_Task prompt:_ Could you copy the data that follows exactly as written, but drop the pictures?

_Given information:_
• • •

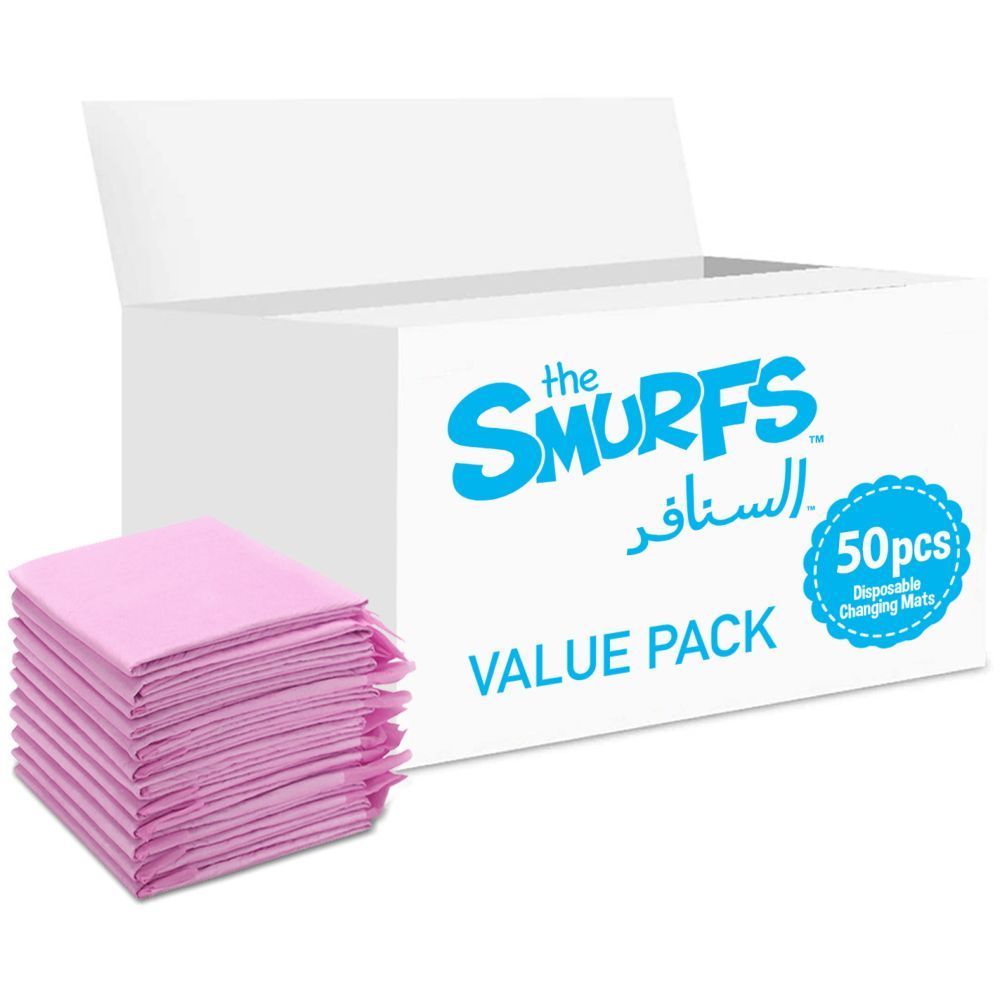 Smurfs - Disposable Changing Mats, 50 Counts - Pink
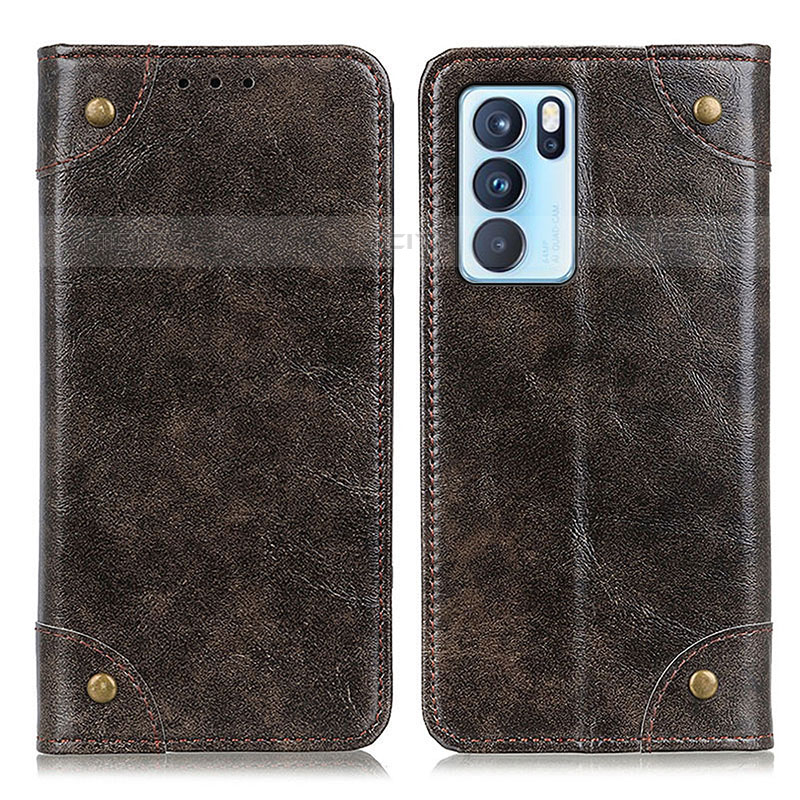 Funda de Cuero Cartera con Soporte Carcasa M04L para Oppo Reno6 Pro 5G India Bronze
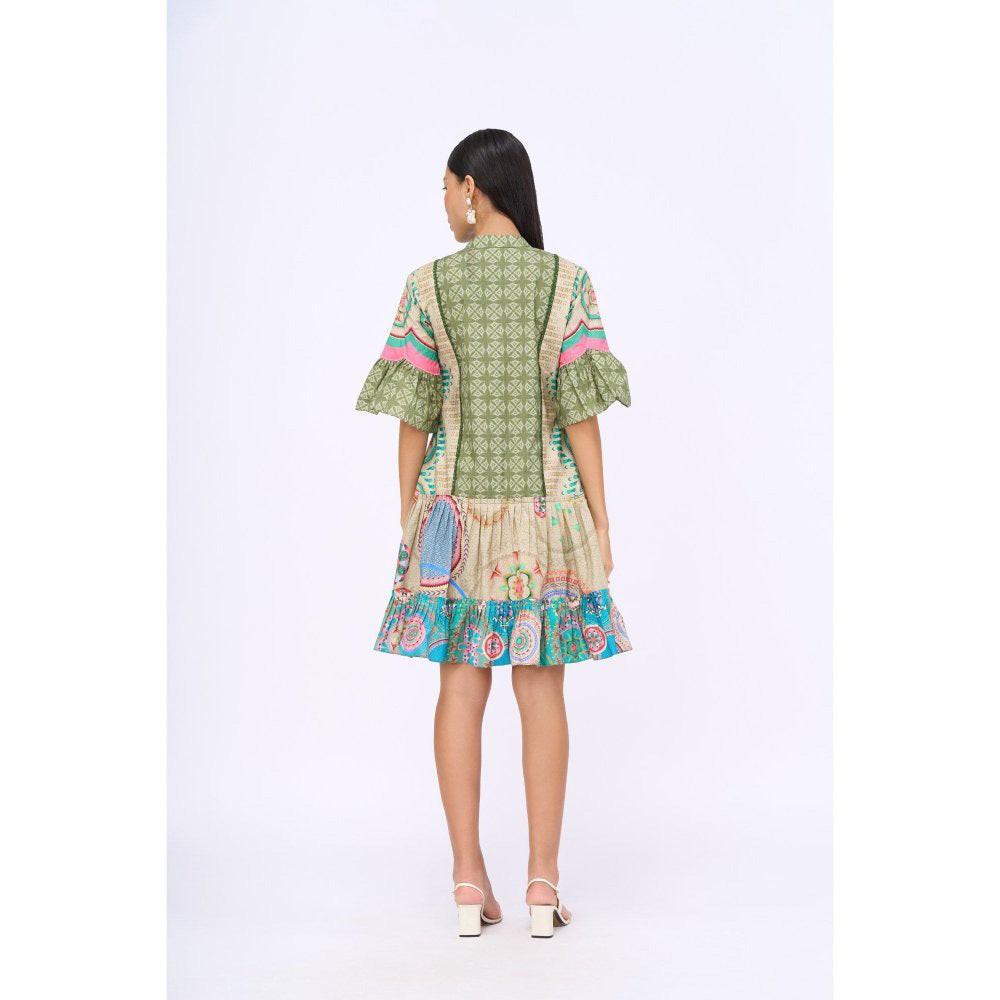 Siddhartha Bansal Green Printed Summer Time Drop Waist Dress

• • •

_Response:_
 Smurfs - Disposable Changing Mats, 50 Counts - Pink
 Funda de Cuero Cartera con Soporte Carcasa M04L para Oppo Reno6 Pro 5G India Bronze
 Siddhartha Bansal Green Printed Summer Time Drop Waist Dress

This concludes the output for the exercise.